Only the lines from the start of the entries through the line with "190, CHURCH ROAD, NUNEATON, CV10" are wanted; please output them exactly.

# Records
□ □ □ □ □

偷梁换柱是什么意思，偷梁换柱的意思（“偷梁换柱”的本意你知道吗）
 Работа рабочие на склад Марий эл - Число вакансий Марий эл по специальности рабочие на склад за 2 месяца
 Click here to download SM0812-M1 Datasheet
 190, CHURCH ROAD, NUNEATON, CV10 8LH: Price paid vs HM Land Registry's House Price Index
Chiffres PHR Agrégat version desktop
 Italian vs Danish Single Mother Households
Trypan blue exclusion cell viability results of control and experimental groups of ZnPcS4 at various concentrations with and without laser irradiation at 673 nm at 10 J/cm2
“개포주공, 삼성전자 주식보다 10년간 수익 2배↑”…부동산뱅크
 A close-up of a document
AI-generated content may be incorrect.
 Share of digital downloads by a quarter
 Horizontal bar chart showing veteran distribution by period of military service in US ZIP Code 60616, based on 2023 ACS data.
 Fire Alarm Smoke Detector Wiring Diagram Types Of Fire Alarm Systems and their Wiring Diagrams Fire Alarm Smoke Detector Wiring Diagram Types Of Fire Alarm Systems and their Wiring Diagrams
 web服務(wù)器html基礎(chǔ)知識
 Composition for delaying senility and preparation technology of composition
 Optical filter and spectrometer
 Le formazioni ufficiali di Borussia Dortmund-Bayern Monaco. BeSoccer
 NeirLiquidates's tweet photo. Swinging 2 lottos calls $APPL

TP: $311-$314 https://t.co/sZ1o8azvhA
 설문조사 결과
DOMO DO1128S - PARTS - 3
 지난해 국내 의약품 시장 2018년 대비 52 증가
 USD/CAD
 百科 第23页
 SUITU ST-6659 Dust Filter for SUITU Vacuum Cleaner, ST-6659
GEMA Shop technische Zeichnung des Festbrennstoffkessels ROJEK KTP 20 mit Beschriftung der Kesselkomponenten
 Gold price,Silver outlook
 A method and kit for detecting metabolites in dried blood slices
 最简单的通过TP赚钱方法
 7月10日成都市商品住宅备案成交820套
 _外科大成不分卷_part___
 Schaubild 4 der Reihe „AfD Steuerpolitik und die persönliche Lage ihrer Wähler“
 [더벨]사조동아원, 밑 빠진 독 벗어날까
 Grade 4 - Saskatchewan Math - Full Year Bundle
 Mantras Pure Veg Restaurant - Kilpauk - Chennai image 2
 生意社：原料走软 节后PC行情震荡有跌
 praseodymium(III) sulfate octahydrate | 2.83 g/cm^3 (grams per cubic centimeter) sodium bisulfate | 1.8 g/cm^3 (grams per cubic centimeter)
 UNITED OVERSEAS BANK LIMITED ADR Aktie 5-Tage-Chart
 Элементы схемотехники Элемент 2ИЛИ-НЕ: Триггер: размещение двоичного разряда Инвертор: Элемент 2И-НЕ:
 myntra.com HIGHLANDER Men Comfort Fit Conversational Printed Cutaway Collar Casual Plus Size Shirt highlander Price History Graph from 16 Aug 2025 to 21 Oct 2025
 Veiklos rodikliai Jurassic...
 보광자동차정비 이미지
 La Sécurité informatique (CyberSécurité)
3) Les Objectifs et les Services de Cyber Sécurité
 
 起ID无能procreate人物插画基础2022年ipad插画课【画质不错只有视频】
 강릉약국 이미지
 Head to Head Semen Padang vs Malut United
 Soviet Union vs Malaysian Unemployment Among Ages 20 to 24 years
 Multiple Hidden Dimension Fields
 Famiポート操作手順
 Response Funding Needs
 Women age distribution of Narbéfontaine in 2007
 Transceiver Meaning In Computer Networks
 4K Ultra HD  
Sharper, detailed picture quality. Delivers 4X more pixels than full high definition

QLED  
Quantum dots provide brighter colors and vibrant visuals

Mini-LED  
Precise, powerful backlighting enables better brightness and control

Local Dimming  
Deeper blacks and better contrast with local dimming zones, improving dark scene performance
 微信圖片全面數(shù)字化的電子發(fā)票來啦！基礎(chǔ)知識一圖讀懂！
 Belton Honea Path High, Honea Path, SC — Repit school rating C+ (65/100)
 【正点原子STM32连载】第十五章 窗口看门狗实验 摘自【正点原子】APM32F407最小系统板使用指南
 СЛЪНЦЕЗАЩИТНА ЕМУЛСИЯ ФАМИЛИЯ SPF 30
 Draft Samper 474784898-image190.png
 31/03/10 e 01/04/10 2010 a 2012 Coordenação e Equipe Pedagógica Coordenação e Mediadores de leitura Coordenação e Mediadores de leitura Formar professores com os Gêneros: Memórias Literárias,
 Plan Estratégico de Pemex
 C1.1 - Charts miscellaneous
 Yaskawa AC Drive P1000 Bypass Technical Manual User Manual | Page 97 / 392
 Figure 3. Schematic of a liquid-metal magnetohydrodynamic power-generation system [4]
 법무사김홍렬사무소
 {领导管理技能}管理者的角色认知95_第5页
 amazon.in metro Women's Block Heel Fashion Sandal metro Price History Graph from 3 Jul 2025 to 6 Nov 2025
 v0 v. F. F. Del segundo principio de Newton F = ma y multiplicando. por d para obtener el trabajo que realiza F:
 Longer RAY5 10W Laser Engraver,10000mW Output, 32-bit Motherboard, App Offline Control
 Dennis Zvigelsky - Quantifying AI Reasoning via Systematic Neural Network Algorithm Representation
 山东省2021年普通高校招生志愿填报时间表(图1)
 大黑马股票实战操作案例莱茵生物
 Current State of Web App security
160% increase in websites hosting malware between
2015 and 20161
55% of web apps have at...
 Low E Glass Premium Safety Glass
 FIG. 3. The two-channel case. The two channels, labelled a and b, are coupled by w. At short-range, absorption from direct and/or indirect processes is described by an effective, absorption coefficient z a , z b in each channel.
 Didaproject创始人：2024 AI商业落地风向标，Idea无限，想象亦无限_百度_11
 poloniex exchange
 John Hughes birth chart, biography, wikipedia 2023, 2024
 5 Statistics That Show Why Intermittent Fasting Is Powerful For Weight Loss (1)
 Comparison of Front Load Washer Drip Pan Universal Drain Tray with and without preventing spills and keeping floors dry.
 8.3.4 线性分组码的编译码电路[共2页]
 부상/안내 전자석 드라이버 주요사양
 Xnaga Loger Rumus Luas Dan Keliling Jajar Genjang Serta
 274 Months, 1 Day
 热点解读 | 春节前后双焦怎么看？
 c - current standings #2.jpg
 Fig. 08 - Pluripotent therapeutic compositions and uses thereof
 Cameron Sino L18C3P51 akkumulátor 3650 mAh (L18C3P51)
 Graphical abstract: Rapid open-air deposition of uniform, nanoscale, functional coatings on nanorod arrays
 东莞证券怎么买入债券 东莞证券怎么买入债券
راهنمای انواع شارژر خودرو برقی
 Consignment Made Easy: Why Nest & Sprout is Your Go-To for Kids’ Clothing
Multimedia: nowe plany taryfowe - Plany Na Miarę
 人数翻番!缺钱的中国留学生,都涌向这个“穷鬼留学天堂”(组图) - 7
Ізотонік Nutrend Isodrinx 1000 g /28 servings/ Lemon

□ □ □ □ □

# Result for this exercise
偷梁换柱是什么意思，偷梁换柱的意思（“偷梁换柱”的本意你知道吗）
 Работа рабочие на склад Марий эл - Число вакансий Марий эл по специальности рабочие на склад за 2 месяца
 Click here to download SM0812-M1 Datasheet
 190, CHURCH ROAD, NUNEATON, CV10 8LH: Price paid vs HM Land Registry's House Price Index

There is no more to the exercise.